CV NEWS FEED // John Paul the Great University, a Catholic university that specializes in creative arts, is launching an expansion to fund its Creative Arts Academic Complex.
John Paul the Great University, a Southern California college the Newman Guide has recommended, is “a unique community of artists and innovators, centered around our faith in Jesus Christ and the beauty of the Catholic faith,” according to its website. The college strives “to create a campus environment where students grow in their relationship with Christ through Sacred Scripture, the Sacraments, and the Magisterial teaching of the Catholic Church.”
The school is seeking to raise $750,000 to cover the final costs of furniture and equipment for the new complex, according to a press release.
The school currently has 273 students, but its $18 million expansion project “aims to more than double the school’s academic footprint, an article in Angelus News states.
In 2006, Irish immigrant Dr. Derry Connolly founded the school after he visited Franciscan University of Steubenville in Ohio with his daughter, the article noted.
“A few moments in the school’s adoration chapel changed his life,” the article explained.
As he witnessed the number of devout young Catholics at Franciscan, the article continued, “he felt he was being called by God to do something with what he saw as an untapped spiritual natural resource.”
Connolly drew inspiration from Pope Saint John Paul II’s message at the 1992 World Communications Day.
The Pope exhorted the media to share the Gospel:
The Christian response to evil is, above all, to harken to the Good News and to make God’s message of salvation in Jesus Christ ever more present. Christians have a ‘good news’ to tell. We have Christ’s message — and it is our joy to share it with every man and woman of good will who is prepared to listen.

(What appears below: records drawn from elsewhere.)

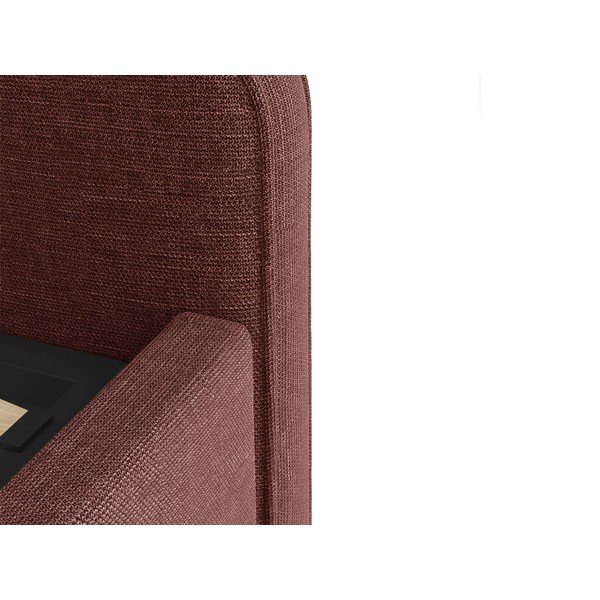 Letto matrimoniale imbottito rosa con rete inclusa 160x200 cm Eda – Micadoni -image-4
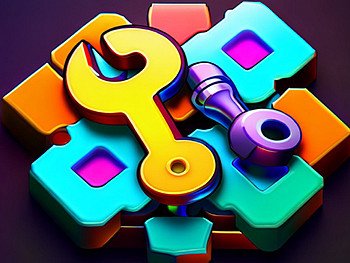 Wrench Nuts and Bolts Puzzle Game Image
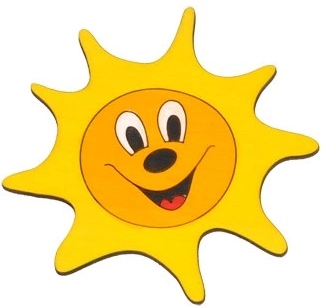 Holzmöbelgriff Sonne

Thus, John Paul the Great University was dedicated to “be a place where young creative men and women could hone their skills and learn new ones, in all the major disciplines of media arts, directing, acting, cinematography, animation, screenwriting,” according to Angelus News. The school aims to send students forth into mainstream culture to “give the culture what it lacked — voices coming from a theological and philosophical viewpoint centered on Christ.”
According to the article, Connolly summarized the school’s mission by recalling the words of a young graduate who majored in cinematography: “She said she came to JP the Great for Jesus first, and cinematography second.”